I was twenty-four years old and I had no idea what I was doing with my life. I knew I could draw. I knew I loved the feel of a burin moving across a copper plate — the resistance, the precision, the permanent mark of it. And I knew that on Sunday mornings I could set up a folding table on the Santa Barbara beach boardwalk, lay out my etchings, and see whether the world agreed with my private assessment of them.
The world was equivocal. On cloudy days, when people felt the weight of something they couldn’t name, they would stop, look at the work, and sometimes buy. On sunny days — blue sky, warm Pacific light, everyone feeling fine — they kept walking. I learned something important from this. Art reaches people at the edge of things.
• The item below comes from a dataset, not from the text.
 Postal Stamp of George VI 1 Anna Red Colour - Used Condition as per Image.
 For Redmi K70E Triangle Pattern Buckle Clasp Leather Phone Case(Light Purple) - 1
It finds them in the gap between who they are and who they’re trying to become.
I didn’t know then that I was already working out the themes I would spend the next four decades exploring. Looking at those etchings now — the ones I sold for thirty or forty dollars on the boardwalk — I can see it clearly. The hand reaching upward, water dripping from the fingertips, tiny birds scattered through the field like thoughts. Cupped palms releasing a dove. A figure playing a flute against the vast silence of the American Southwest, music rising into the sky as birds. A creek forcing its way between immovable rocks.
These weren’t student exercises. They were a twenty-four-year-old asking, in the only language he had: What is it to reach? What is it to release? What moves through the resistant material of the world?






The hand keeps appearing in my work. It appeared in those 1981 etchings. It appeared in a colored aquatint I made a year later — two open palms cradling the space between them, a dove lifting above. It appears in my paintings now, decades on: a single hand reaching against blue, paint-streaked and urgent. I think the hand is how I talk about making. About the act of committing — pressing something into being and not knowing, until the last moment, what it will be.
There is a continuous thread from the Santa Barbara boardwalk to the galleries and corporate stages I work in today. The questions are the same. The hand is the same. What has changed is only the scale of the canvas and the confidence with which I press in.
I still have some of those original etchings. I’m glad I do. They remind me that the searching doesn’t end — it just gets more articulate.